What changed in 2024

From 1 January 2024 the GST rate is 9%, so the 9% codes apply to transactions from that date. The 8% codes remain for earlier-dated entries, so a transaction dated in 2023 keeps its 8% code. Match the code to the transaction date as well as the supply.

How to use the reference

  1. Identify the nature of the supply and its direction (sale or purchase).
  2. Match it to the QuickBooks code, remembering sales and purchases use different codes.
  3. For imports use IM (9%); for imported services use TX-RE (9%); for blocked costs use BL (9%).
  4. Pair this with the Singapore chart of accounts for QuickBooks, whose CSV maps each account to its default code.

Getting codes right on every transaction by hand is the work software removes. ExpenseFlow reads each receipt and bill, applies the correct Singapore GST code for the supply including the blocked and reverse-charge cases, and posts it into QuickBooks Online with the source attached, so the code is right at capture. Dext and Financio also extract GST from documents as they arrive.

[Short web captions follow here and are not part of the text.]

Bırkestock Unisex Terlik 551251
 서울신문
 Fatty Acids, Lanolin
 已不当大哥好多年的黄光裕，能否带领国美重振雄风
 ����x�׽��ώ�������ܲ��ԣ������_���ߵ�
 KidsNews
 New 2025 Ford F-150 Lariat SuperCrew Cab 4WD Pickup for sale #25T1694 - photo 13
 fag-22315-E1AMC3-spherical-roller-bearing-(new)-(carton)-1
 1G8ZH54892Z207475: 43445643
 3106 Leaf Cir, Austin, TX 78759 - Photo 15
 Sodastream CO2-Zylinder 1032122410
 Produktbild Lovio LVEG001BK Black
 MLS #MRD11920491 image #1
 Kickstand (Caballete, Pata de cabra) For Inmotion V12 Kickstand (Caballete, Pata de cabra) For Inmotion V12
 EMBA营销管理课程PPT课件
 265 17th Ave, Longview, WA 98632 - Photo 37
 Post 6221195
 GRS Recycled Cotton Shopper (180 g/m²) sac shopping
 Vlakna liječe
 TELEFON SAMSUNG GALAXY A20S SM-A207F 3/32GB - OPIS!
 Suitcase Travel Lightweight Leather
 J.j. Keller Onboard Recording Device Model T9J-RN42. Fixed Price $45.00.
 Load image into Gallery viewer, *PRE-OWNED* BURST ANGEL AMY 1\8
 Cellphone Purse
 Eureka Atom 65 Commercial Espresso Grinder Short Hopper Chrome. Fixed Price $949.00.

On Xero? See the Singapore GST rates in Xero reference.

Questions, answered

Common questions

Does QuickBooks Singapore use one code for sales and purchases?

No. QuickBooks Singapore splits the two: SR (9%) for standard-rated sales, TX (9%) for standard-rated purchases. This differs from the UK, which uses a single 20.0% S for both. So in Singapore each code already carries its direction, and you pick the sales code on an invoice and the purchase code on a bill.

What is the difference between BL and TX?

Both relate to 9% purchases, but TX (9%) is claimable input tax and BL (9%) is blocked input tax. BL covers the costs Regulations 26 and 27 disallow: private motor cars, club subscriptions, staff medical, and family benefits. The GST is recorded but not claimed.

When do I use IM and TX-RE?

IM (9%) is for import GST paid to Singapore Customs on goods, claimed on the import permit. TX-RE (9%) is the reverse charge on imported services, where you self-account for the GST. They cover the two cross-border cases: goods cleared at Customs, and services bought from overseas.

What changed in January 2024?

The GST rate rose to 9%, so the 9% codes (SR, TX, BL, IM, TX-RE and the rest) apply to transactions from 1 January 2024. The 8% codes remain available for earlier-dated transactions, so historic entries keep their correct rate.